Wednesday, June 22, 2011
You know what I've found is a psychologically effective move on a first date? At some point early in the evening, commit the ultra-rude date faux pas of looking at your phone and responding to a text. Be polite about it. Say, "I'm really sorry; I just have to respond to this real quickly." Give your complete attention to that text for about 8-10 full seconds, then turn your attention back to the date, and as a gesture of genuine remorse, tell her you're all hers for the rest of the night, and turn off your phone for her to see. It probably doesn't hurt to throw in some joke, like, "I don't care if my mom calls because she's dying from a gunshot wound to the abdomen and wants to share her last words; she can leave a message. Tell me more about your dog."

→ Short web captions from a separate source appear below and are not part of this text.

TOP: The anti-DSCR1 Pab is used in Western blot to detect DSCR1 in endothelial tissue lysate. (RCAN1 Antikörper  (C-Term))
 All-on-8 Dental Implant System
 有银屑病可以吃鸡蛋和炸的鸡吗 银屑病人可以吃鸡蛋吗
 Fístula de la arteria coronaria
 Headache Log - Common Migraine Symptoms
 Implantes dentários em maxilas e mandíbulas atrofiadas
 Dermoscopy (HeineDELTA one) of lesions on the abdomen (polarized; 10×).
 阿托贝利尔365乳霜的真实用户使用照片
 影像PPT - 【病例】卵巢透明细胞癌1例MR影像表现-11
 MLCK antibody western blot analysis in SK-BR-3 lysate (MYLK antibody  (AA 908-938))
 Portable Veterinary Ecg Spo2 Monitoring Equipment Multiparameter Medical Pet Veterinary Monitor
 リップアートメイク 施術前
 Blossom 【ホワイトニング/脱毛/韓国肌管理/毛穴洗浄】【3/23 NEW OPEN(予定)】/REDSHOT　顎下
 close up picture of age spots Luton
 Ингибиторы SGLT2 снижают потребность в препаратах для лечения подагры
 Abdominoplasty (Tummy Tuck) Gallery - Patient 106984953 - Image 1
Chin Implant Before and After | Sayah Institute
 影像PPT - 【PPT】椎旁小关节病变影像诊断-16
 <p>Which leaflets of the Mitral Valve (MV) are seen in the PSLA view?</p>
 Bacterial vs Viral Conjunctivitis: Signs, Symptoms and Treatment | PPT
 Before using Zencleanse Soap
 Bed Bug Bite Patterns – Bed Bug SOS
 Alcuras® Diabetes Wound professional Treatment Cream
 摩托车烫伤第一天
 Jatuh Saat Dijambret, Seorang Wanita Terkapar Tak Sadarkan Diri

But think about it. It's like she just went from feeling insulted and unimportant to being a made a priority. It's an emotional roller coaster...and she loves it. She's thinking, "He has his own things going on, but he can still make time for me."*
*Point of clarification: I'm not some sleazeball who sits around strategizing about this shit in advance while reading The Game. It just so happened that I was on a date one time, and I was waiting for a text that I'd PROMISED to be around for, so I responded to it, and then turned off my phone because I wanted her to know that I wasn't a total douche. I noticed a significant uptick in her interest after that, and then later thought about why that might've been. I haven't done it since. But if you're okay with being a phony...you're welcome.